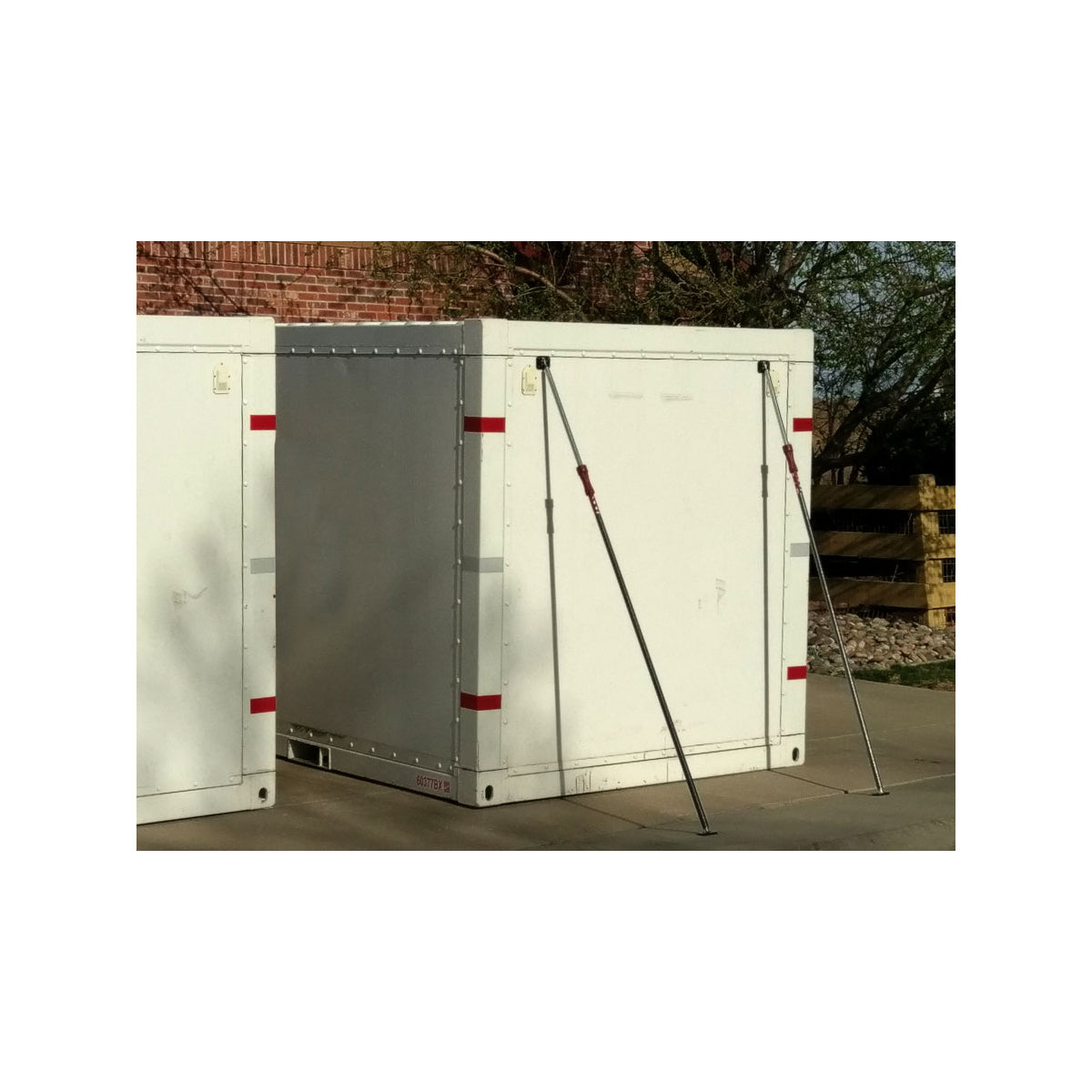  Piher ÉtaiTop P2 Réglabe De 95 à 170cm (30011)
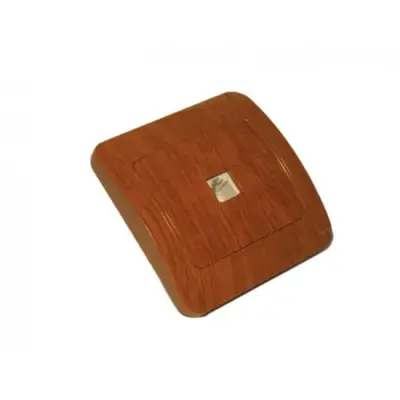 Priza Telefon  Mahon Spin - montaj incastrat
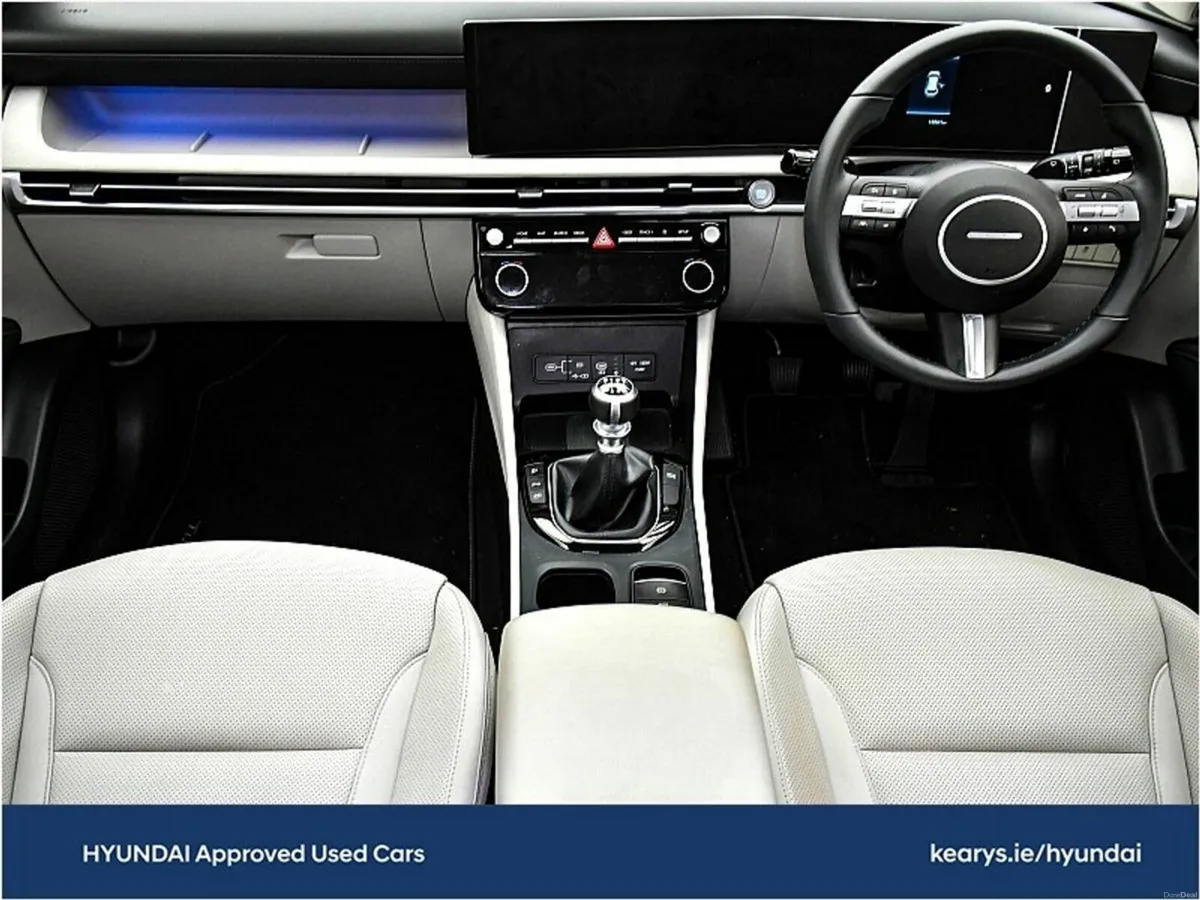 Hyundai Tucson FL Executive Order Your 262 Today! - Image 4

※ ※ ※

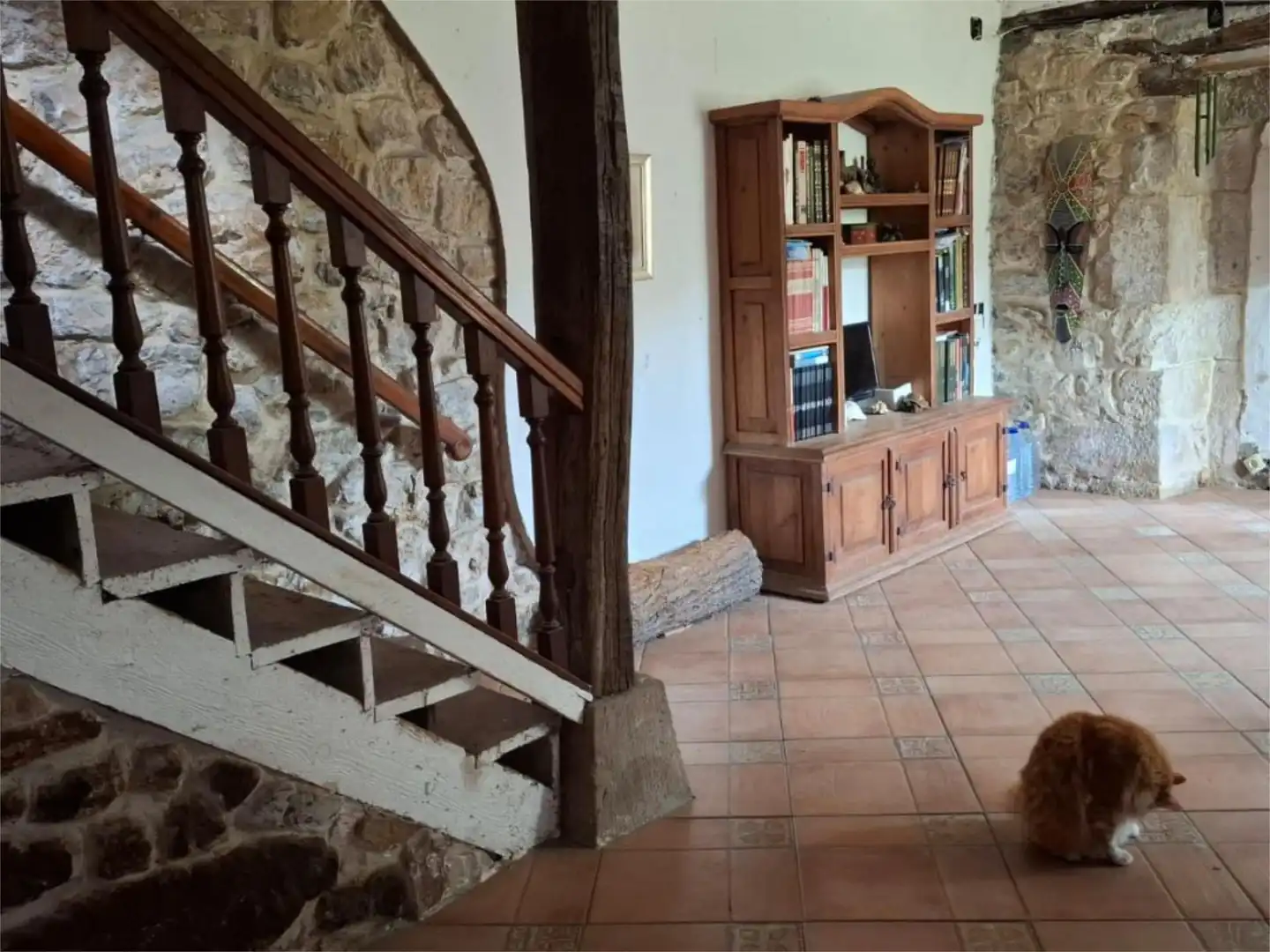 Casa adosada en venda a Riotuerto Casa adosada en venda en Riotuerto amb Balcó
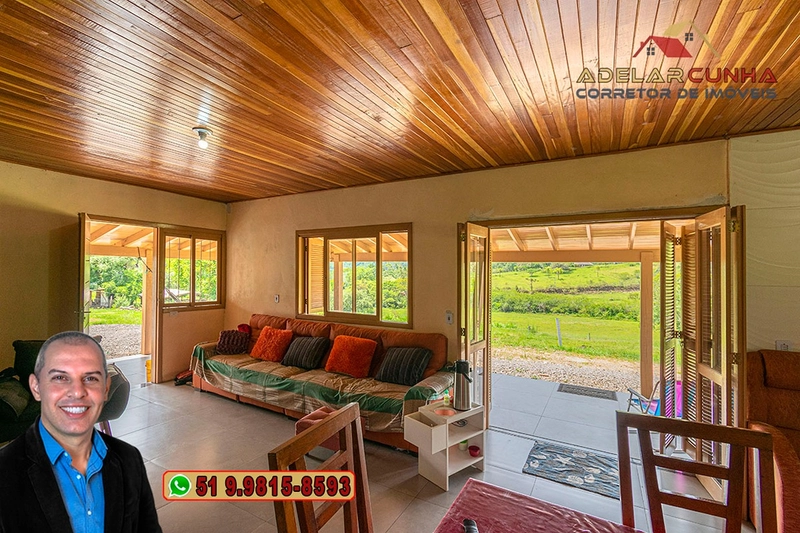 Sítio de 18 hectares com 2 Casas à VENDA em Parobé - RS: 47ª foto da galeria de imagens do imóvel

※ ※ ※

## YOUR INSTRUCTIONS
The answer is those lines of the material above that run from the one containing "Piher ÉtaiTop P2" up to and including the one containing "Hyundai Tucson FL", restated exactly and without images.

## WRITTEN REPLY
  Piher ÉtaiTop P2 Réglabe De 95 à 170cm (30011)
 Priza Telefon  Mahon Spin - montaj incastrat
 Hyundai Tucson FL Executive Order Your 262 Today! - Image 4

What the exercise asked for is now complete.